Technical writing

How Voidly protects probe operator identity while publishing full measurement data

April 2, 2025· 10 min read· AI Analytics

CensorshipVoidlyMethodologyInfrastructure

Censorship measurement data is useful precisely because it is specific: which AS, which country, which hour. A vague claim that “some ISPs in Iran block Twitter” is not actionable for researchers or journalists. A dataset entry saying that AS12880 (Information Technology Company, Iran) returned a block page for twitter.com at 2025-03-14T11:00Z is. The specificity is the product.
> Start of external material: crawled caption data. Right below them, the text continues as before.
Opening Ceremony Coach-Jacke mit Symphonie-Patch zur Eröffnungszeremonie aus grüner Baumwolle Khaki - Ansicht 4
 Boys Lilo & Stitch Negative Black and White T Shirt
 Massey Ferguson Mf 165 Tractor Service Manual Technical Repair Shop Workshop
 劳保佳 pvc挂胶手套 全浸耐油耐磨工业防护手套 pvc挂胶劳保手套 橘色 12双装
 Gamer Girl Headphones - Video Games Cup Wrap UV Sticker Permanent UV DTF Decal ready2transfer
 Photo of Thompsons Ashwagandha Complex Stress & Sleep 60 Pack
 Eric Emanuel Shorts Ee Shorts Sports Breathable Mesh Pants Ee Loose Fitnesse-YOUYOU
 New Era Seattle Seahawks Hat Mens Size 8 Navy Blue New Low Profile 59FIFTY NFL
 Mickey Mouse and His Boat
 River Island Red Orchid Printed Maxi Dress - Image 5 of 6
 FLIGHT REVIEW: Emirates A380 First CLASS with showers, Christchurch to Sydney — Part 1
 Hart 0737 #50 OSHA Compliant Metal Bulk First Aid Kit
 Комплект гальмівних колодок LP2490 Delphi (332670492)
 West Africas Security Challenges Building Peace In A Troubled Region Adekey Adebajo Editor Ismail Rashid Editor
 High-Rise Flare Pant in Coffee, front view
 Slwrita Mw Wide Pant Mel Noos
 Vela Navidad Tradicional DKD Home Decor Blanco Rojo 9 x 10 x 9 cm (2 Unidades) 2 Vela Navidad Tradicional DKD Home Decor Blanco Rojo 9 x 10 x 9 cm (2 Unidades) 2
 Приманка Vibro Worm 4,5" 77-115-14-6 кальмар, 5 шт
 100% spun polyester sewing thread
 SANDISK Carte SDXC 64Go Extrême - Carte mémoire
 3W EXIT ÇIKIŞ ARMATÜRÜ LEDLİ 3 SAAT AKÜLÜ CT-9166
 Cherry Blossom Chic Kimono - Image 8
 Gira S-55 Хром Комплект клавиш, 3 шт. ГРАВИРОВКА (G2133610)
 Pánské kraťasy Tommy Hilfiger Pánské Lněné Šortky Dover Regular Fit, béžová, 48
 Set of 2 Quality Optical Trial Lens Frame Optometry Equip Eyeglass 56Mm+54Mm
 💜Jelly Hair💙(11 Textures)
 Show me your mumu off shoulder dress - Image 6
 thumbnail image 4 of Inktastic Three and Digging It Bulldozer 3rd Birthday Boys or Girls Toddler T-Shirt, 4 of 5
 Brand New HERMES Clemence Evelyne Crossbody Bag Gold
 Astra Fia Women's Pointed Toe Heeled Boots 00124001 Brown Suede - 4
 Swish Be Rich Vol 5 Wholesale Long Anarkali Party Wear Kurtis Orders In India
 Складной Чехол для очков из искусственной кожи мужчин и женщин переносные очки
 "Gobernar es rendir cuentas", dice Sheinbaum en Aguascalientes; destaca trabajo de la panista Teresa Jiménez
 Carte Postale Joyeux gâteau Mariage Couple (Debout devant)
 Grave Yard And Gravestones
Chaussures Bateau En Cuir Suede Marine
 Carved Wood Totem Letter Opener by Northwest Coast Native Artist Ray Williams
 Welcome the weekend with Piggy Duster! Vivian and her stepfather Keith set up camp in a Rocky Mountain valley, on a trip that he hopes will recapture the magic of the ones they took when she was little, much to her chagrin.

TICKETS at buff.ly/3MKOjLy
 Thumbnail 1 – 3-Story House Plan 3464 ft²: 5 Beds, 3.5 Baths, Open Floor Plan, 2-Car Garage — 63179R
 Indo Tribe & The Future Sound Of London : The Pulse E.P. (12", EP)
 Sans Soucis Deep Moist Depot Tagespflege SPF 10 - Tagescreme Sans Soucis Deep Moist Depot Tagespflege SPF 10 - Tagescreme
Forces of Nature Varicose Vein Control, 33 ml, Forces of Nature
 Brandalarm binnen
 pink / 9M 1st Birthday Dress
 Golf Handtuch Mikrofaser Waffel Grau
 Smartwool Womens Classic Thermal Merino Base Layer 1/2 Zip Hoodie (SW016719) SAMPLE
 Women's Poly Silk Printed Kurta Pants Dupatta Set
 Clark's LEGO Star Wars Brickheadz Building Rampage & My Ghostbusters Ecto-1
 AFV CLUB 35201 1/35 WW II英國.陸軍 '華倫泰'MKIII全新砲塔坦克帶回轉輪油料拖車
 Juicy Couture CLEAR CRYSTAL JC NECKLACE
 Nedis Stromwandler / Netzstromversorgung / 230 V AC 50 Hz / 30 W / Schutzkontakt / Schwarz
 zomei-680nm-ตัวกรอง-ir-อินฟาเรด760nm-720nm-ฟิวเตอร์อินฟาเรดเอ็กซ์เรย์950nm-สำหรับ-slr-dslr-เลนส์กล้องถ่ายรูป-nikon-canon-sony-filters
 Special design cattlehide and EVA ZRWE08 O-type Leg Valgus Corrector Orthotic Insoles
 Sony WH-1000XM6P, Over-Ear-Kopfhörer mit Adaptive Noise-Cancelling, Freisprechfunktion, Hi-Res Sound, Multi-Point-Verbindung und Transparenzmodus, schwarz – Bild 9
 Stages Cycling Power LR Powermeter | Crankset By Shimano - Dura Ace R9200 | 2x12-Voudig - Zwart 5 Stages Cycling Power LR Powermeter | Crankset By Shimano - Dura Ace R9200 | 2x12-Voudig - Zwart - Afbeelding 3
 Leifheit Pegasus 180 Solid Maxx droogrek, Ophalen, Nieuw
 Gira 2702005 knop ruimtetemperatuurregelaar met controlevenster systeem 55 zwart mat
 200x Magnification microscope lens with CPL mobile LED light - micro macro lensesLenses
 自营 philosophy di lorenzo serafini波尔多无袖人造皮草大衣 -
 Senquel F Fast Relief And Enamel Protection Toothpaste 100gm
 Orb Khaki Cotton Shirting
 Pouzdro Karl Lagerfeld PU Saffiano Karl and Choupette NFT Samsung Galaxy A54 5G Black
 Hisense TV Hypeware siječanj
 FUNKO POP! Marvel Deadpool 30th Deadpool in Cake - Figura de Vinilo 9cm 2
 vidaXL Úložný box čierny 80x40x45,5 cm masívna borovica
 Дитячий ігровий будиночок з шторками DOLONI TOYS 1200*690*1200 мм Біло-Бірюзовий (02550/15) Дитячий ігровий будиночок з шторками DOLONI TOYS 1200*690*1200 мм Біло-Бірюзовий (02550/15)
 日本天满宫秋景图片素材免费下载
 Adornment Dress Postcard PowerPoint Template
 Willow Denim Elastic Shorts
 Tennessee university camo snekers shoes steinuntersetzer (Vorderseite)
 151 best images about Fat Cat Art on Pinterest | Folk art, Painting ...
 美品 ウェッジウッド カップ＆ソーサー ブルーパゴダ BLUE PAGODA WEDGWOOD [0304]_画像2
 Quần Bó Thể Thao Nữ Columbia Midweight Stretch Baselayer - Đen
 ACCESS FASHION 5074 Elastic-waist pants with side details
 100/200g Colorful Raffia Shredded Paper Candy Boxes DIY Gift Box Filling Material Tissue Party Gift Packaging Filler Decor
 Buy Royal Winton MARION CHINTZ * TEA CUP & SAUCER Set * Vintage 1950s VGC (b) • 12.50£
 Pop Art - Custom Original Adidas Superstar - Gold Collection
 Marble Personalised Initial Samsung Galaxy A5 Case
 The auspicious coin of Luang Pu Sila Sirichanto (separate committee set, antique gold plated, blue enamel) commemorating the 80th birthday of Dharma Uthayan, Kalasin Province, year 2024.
The tension is that the same specificity that makes the dataset valuable creates a re-identification risk for the humans who operate the probes. An operator in Tehran running a Voidly probe is generating measurements from a known AS in a known country. If the published dataset also included the probe's IP address, or any identifier that could be linked back to the operator's IP address, a government entity with access to the dataset could use it to identify and locate the probe operator. In some of the countries Voidly measures most carefully, that consequence is physical.

The publication model must therefore satisfy two requirements simultaneously: full AS-level and country-level measurement data must be published, and operator re-identification must be infeasible even for adversaries with complete access to the published dataset. This post describes how the architecture achieves both.

Probe identity architecture

At first launch, the Voidly desktop application generates an X25519 keypair using x25519-dalek with OsRng. The private key is stored in the OS keychain and never leaves the device. The public key is registered with the control server and serves as the sole cryptographic identity of the probe.

The probe_id that appears in the published dataset is derived from the public key:

use sha2::{Sha256, Digest};
use x25519_dalek::PublicKey;

fn derive_probe_id(public_key: &PublicKey) -> String {
    let mut hasher = Sha256::new();
    hasher.update(public_key.as_bytes());
    let hash = hasher.finalize();
    // Encode as lowercase hex — 64 characters
    hex::encode(hash)
}

The probe_id is stable across the probe's lifetime (it changes only when the keypair is rotated, which happens on a schedule for high-risk country probes). It is not an IP address, not a subnet, and not any routable network identifier. Knowing a probe_id tells you nothing about where on the internet the probe is running beyond what the accompanyingprobe_asn and probe_cc fields already make explicit.

The control server enforces a strict no-log policy on incoming probe connection IPs. The log retention policy for connection IPs is zero seconds: the source IP is consumed for rate limiting in a hot path that runs synchronously before any async write, and is then discarded. No IP-to-probe_id mapping is ever persisted to disk or transmitted to any downstream service.

The codename system

A probe's probe_id (the SHA-256 hash of the public key) is its cryptographic identity used in the measurement pipeline. It is not the identifier used in operator-facing communications. Operators interact with Voidly through a randomly generated human-readable codename assigned at registration — for example, tangerine-falcon-41.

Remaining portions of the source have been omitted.